**EXERCISE DESCRIPTION**
Copy task. Retype the whole listing exactly, omitting any picture in it.
*** Opening THE DATA ***
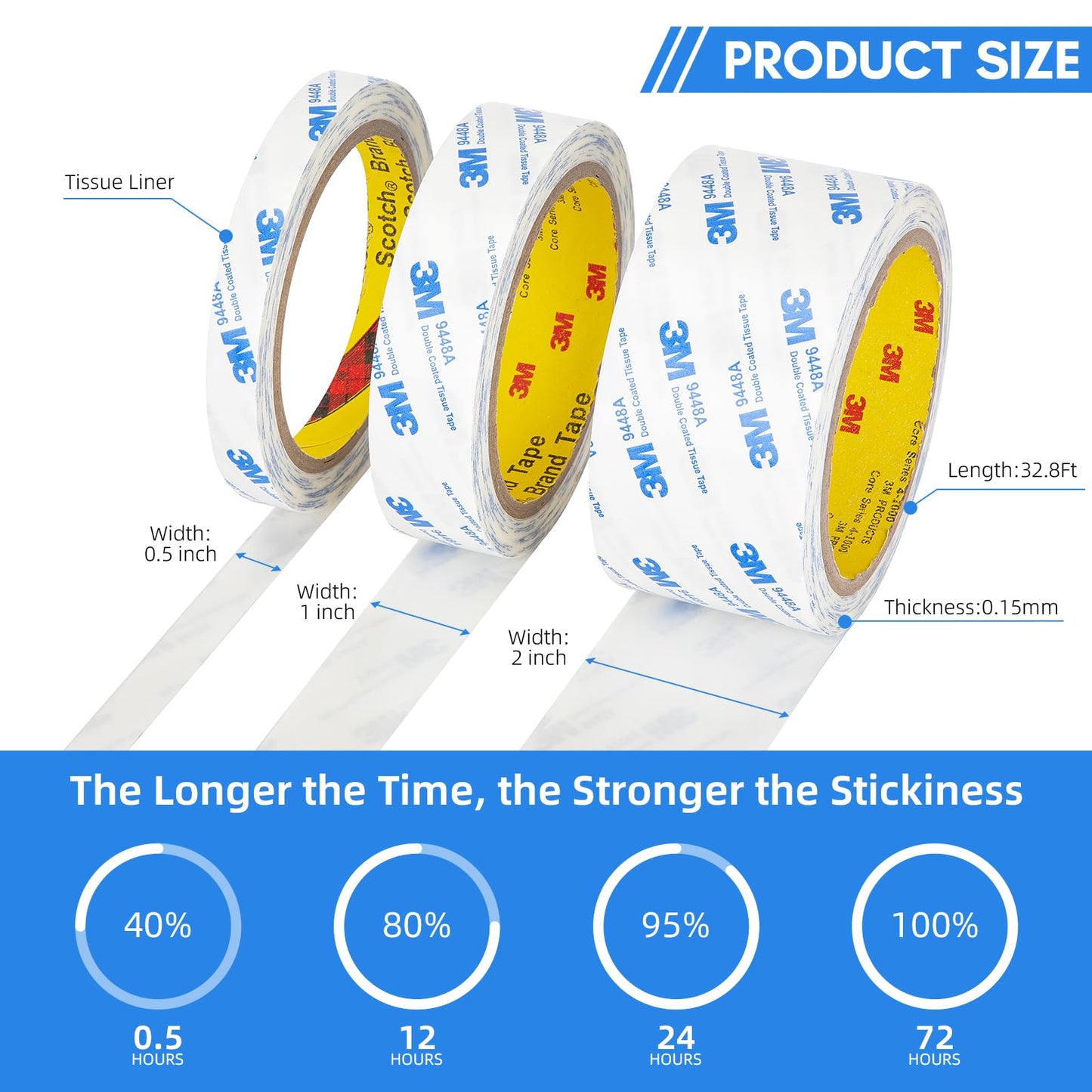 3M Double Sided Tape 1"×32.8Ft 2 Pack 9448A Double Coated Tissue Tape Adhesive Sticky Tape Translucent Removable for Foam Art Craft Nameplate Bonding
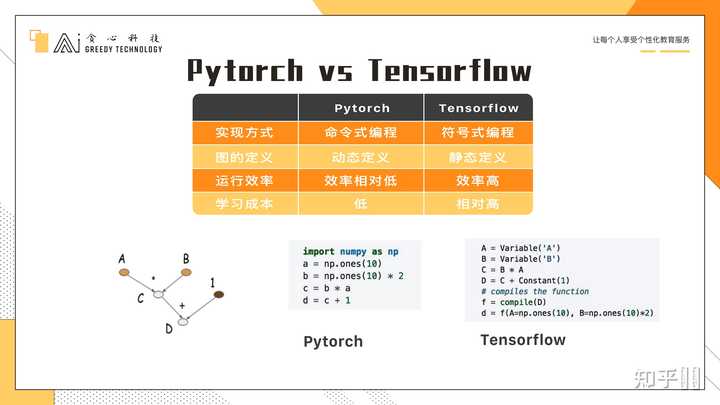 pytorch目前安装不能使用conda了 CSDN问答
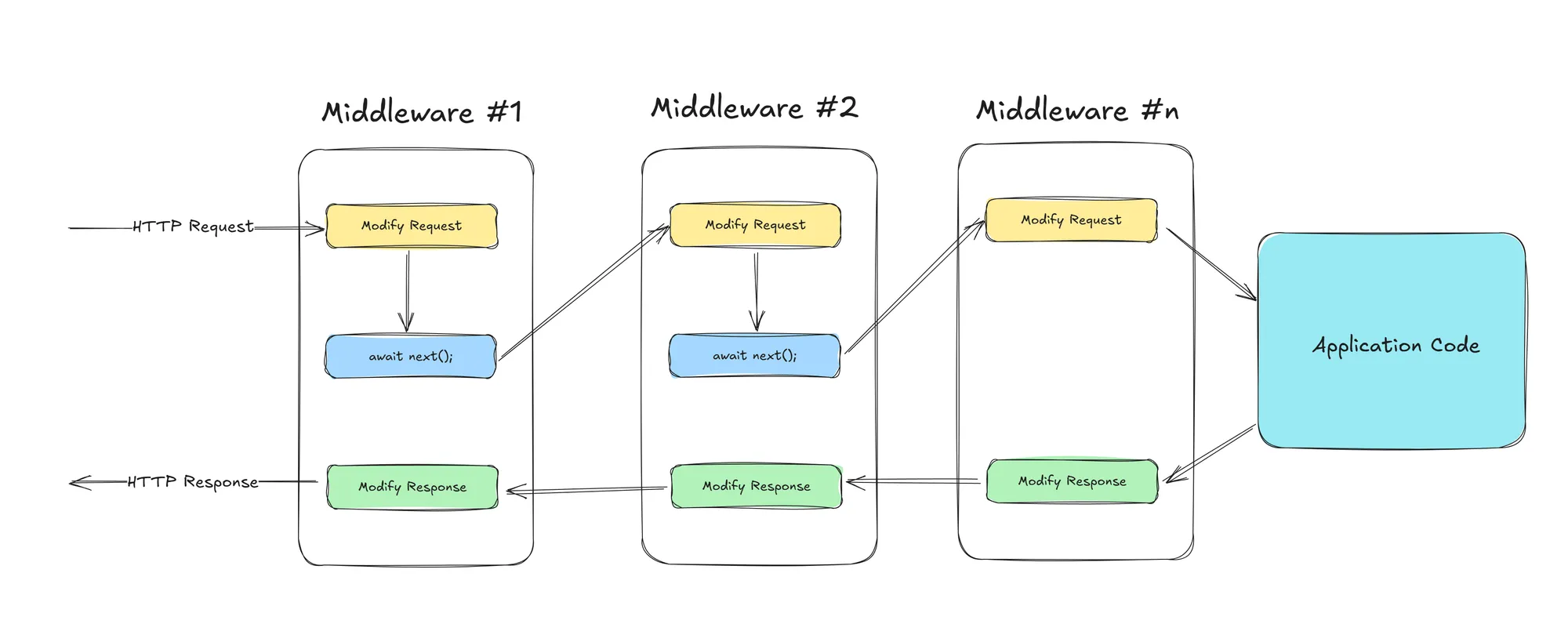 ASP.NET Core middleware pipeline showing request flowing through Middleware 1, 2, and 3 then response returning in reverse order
*** Closing THE DATA ***
**PROBLEM SOLUTION**
 3M Double Sided Tape 1"×32.8Ft 2 Pack 9448A Double Coated Tissue Tape Adhesive Sticky Tape Translucent Removable for Foam Art Craft Nameplate Bonding
 pytorch目前安装不能使用conda了 CSDN问答
 ASP.NET Core middleware pipeline showing request flowing through Middleware 1, 2, and 3 then response returning in reverse order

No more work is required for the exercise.